What is being asked: Reproduce all the records word for word. Omit images.

Entries provided:
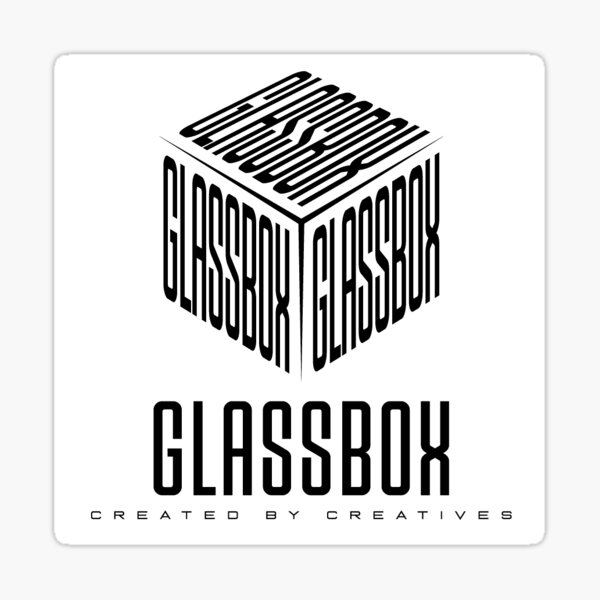 "GlassBox Logo" Sticker by seyseyseck14 Redbubble
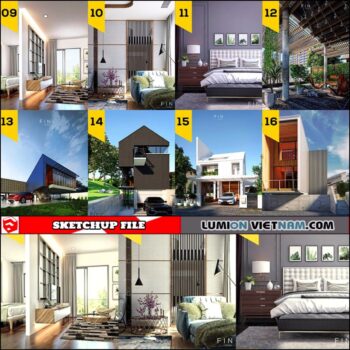 8 FULL SKETCHUP SCENES BY FIN STUDIO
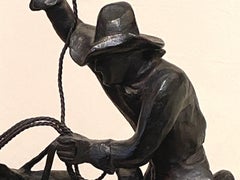 "ROPIN THE WIND"  COWBOY WESTERN BRONZE.  1959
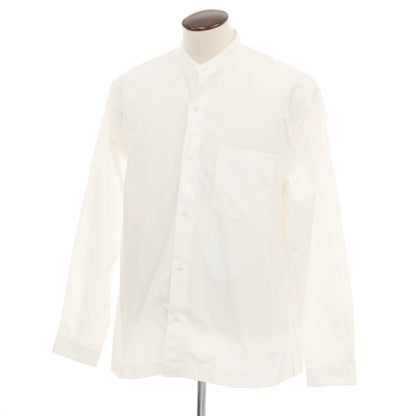 【新品アウトレット】バグッタ Bagutta UENO コットン バンドカラー カジュアルシャツ ホワイト【サイズL】【 状態ランクN- 】【 メンズ 】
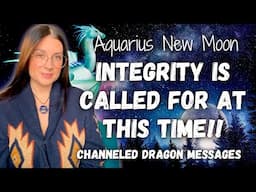 Aquarius New Moon 1.29.25 | Walk The Walk With Integrity & Examining Relationships To Control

Response to this exercise:
 "GlassBox Logo" Sticker by seyseyseck14 Redbubble
 8 FULL SKETCHUP SCENES BY FIN STUDIO
 "ROPIN THE WIND"  COWBOY WESTERN BRONZE.  1959
 【新品アウトレット】バグッタ Bagutta UENO コットン バンドカラー カジュアルシャツ ホワイト【サイズL】【 状態ランクN- 】【 メンズ 】
 Aquarius New Moon 1.29.25 | Walk The Walk With Integrity & Examining Relationships To Control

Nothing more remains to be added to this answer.